WORK ITEM: Copy exactly the stretch of lines from the one holding "Damier Azur Braided Neverfull MM Pink" through the last line of the data below, inclusive. Leave out pictures.

RECORDS SHOWN:
□ □ □
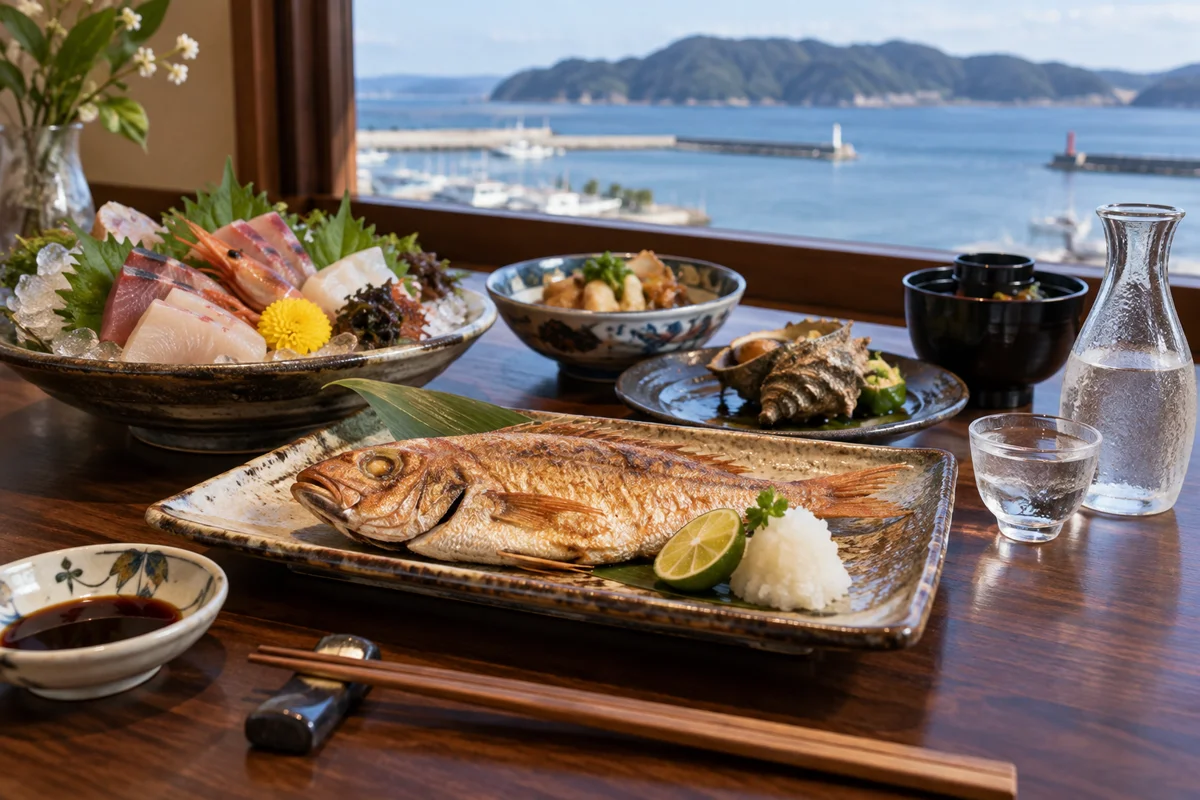 割烹 十久利をテーマにしたAI生成イメージ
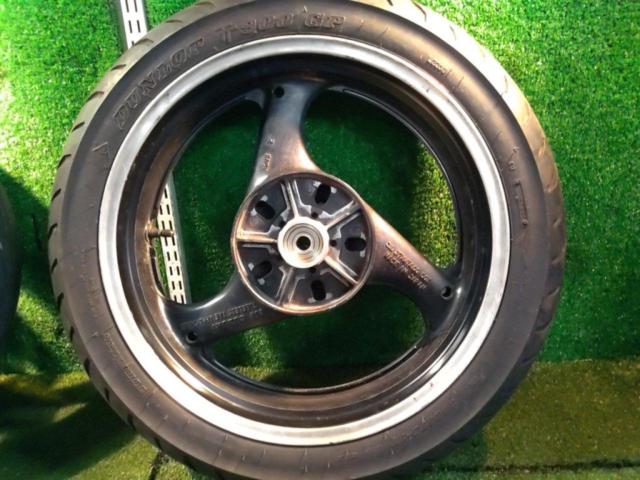 【SUZUKI】純正前後ホイールセット バンディット400(年式不明)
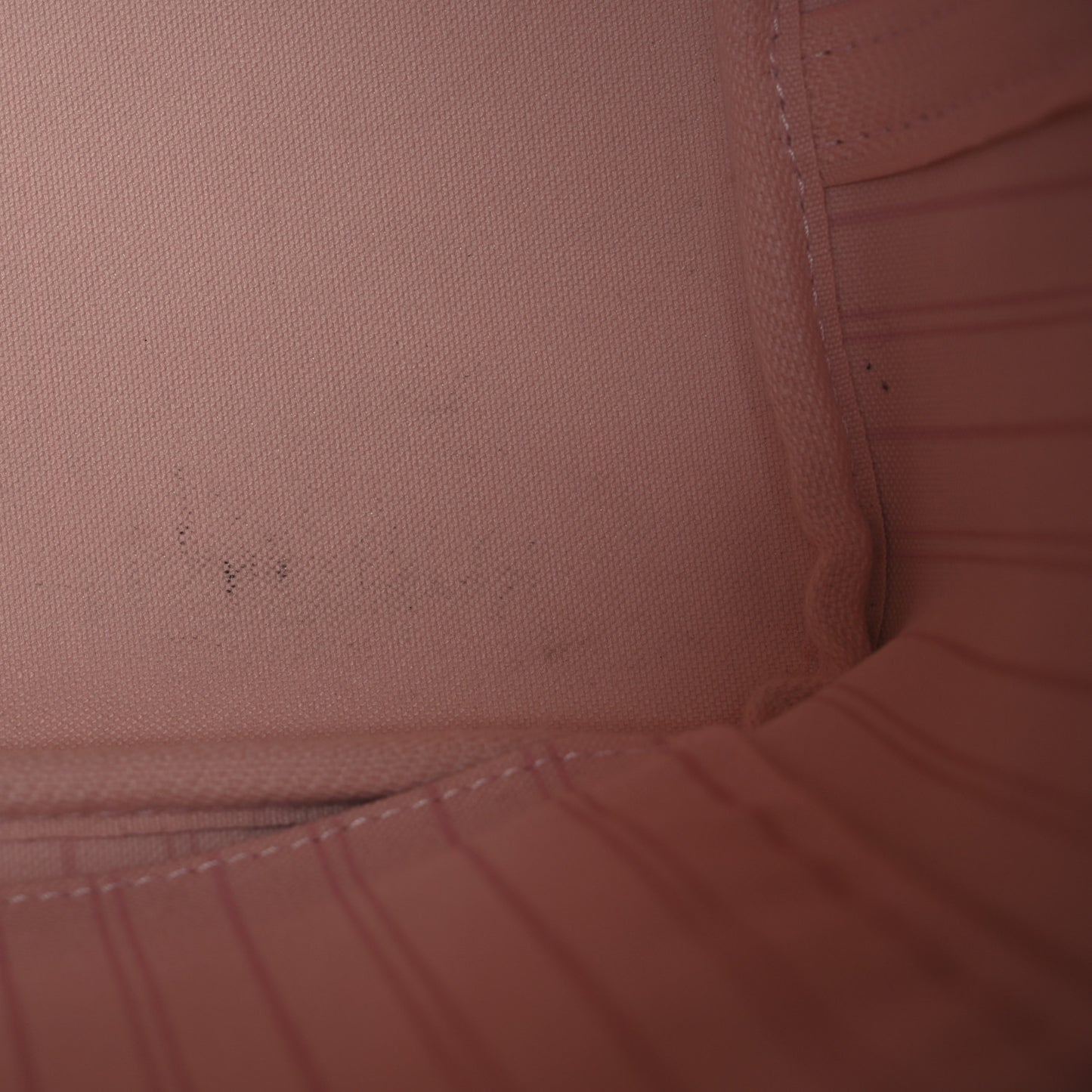 Damier Azur Braided Neverfull MM Pink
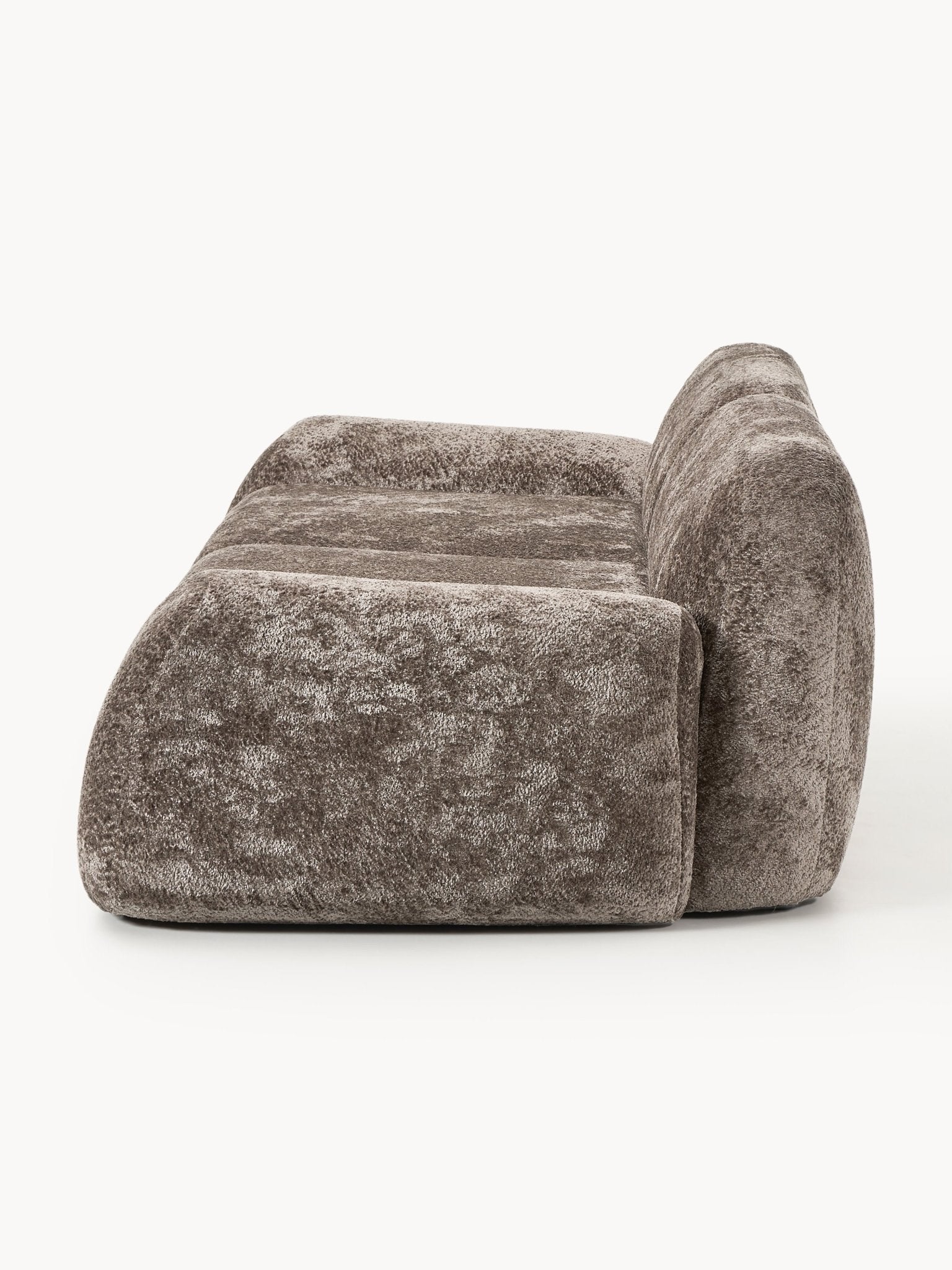 Wolke 3-Kişilik Modüler Teddy Bouclé Koltuk Lüks Modern Tasarım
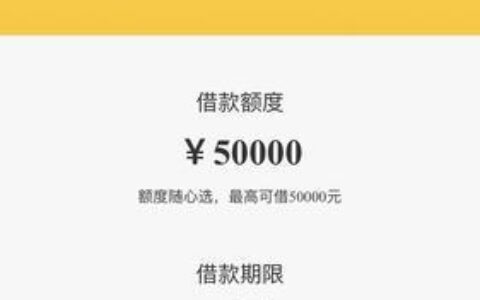 快速下款的小额贷款有哪些？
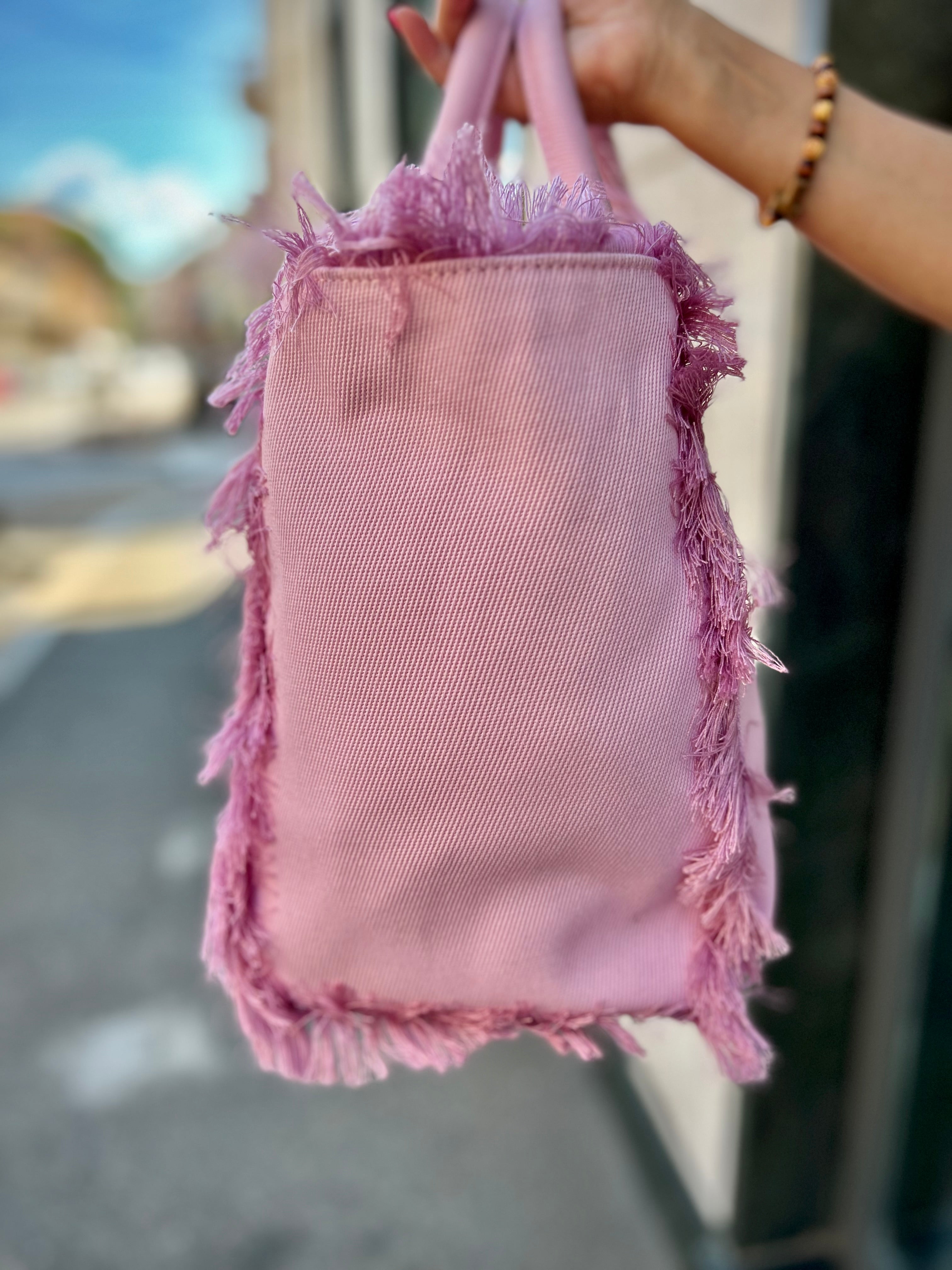 Borsa in canvas grande Hinnominate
□ □ □
REPLY:
 Damier Azur Braided Neverfull MM Pink
 Wolke 3-Kişilik Modüler Teddy Bouclé Koltuk Lüks Modern Tasarım
 快速下款的小额贷款有哪些？
 Borsa in canvas grande Hinnominate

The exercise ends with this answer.